Transcranial electrical stimulation is a versatile tool to modulate brain activity (Nitsche and Paulus, 2000; Fregni et al.,

2006; Fecteau et al., 2007; Fridriksson et al., 2011). In-vivo and in-vitro studies have demonstrated that electric fields,

whose amplitude is comparable to the one expected in tDCS, can modulate firing rate (Chan and Nicholson, 1986), spike

timing (Radman et al., 2007) and the magnitude of synaptic responses (Kabakov et al., 2012; Rahman et al., 2013). We

have previously shown that acute effects of weak electrical stimulation can be amplified during endogenous oscillatory

activity (Reato et al., 2010, 2013). These results suggest that brain oscillations may be a sensitive target for transcranial

electrical stimulation with constant currents. Previous in-vitro and in-vivo studies have only shown acute effects of

stimulation on oscillatory activity (Reato et al., 2010; Frohlich and McCormick, 2010; Ali et al., 2013; Ozen et al., 2010)
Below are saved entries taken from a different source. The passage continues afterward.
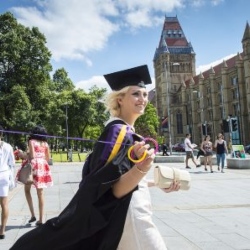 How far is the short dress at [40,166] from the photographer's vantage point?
22.3ft

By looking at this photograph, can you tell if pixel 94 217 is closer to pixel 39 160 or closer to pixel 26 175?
pixel 39 160

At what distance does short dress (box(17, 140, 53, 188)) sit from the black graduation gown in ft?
14.9

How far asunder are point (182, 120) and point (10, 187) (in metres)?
95.8

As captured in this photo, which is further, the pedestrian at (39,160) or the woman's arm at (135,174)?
the pedestrian at (39,160)

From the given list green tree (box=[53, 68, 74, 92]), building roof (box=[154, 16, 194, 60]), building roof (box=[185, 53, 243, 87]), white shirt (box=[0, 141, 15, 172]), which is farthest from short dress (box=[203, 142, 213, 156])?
building roof (box=[154, 16, 194, 60])

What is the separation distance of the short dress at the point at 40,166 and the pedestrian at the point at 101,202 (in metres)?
4.53

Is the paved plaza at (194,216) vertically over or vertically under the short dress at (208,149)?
under

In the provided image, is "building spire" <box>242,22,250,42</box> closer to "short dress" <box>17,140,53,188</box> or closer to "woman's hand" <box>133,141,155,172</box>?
"short dress" <box>17,140,53,188</box>

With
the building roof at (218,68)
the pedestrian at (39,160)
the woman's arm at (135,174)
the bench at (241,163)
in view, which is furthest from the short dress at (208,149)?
the building roof at (218,68)

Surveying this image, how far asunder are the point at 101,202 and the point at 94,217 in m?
0.09

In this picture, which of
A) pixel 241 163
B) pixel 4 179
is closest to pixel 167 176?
pixel 4 179

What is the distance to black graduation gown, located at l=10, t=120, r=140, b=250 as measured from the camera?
2.18 metres

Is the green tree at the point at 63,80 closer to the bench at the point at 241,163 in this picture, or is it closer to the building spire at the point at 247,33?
the building spire at the point at 247,33

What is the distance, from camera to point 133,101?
268 cm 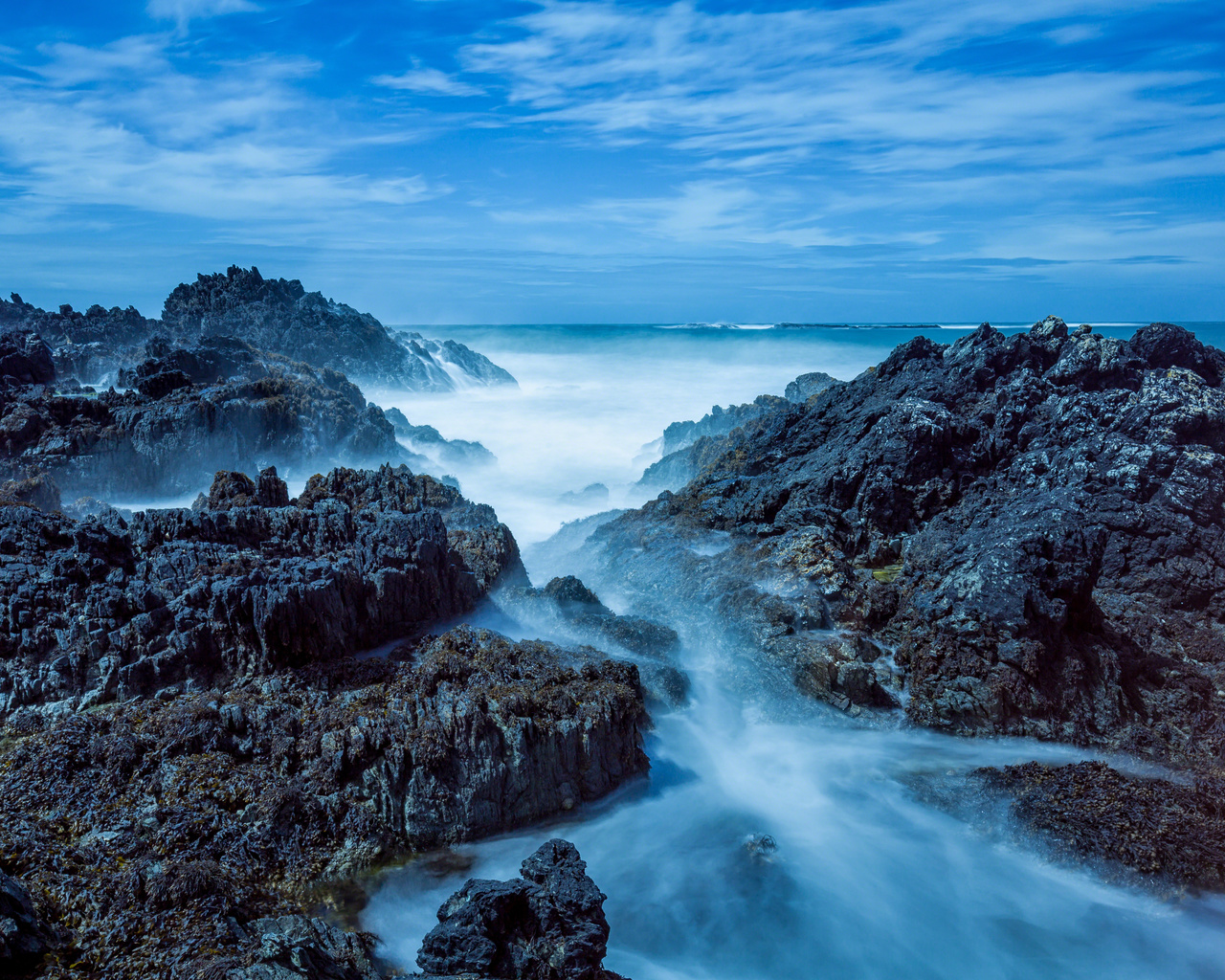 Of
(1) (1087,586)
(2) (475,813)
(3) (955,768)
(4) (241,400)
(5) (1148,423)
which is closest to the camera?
(2) (475,813)

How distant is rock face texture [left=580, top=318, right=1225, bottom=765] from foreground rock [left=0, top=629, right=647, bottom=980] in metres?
5.03

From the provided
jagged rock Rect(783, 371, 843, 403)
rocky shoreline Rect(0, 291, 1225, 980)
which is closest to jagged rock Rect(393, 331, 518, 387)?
jagged rock Rect(783, 371, 843, 403)

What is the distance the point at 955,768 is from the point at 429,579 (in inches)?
349

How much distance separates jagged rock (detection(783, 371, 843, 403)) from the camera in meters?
30.4

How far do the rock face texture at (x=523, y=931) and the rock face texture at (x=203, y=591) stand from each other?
18.3ft

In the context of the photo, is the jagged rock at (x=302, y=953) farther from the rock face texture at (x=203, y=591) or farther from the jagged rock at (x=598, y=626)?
the jagged rock at (x=598, y=626)

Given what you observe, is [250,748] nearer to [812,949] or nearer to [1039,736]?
[812,949]

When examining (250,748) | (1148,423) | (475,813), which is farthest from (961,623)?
(250,748)

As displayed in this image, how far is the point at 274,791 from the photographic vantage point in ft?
26.6

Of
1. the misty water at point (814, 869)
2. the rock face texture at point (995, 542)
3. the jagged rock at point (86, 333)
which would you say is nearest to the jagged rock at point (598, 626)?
the misty water at point (814, 869)

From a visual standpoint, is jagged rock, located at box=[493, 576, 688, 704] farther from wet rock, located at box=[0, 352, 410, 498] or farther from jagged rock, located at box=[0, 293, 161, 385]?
jagged rock, located at box=[0, 293, 161, 385]

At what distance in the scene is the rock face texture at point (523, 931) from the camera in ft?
19.8

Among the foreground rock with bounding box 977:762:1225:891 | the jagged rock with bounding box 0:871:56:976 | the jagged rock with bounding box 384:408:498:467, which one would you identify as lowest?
the foreground rock with bounding box 977:762:1225:891

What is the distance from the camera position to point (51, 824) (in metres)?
7.41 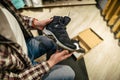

and there are few reports on longer term effects in human studies (see Antal et al., 2004; Polanıa et al., 2011). The majority

of studies on oscillatory activity have used alternating current stimulation with the goal of enhancing brain oscillations

(Marshall et al., 2006; Pogosyan et al., 2009; Kirov et al., 2009; Zaehle et al., 2010; Santarnecchi et al., 2013; Helfrich et

al., 2014).

Here we found that weak constant current electrical stimulation applied for a longer period of time can induce lasting

effects, measurable as altered gamma power and multi-unit activity. These lasting effects cannot be explained as persistent

network activity in the absence of some adaptive process since in our previous work gamma power returned to baseline

activity within 100 ms after short-lasting DC field stimulation (Reato et al., 2010). Importantly, the after-stimulation effect

was consistent with the acute effect, reminiscent of Hebbian or activity-dependent plasticity and contrary to homeostatic

plasticity (Fricke et al., 2011; Reato et al., 2013).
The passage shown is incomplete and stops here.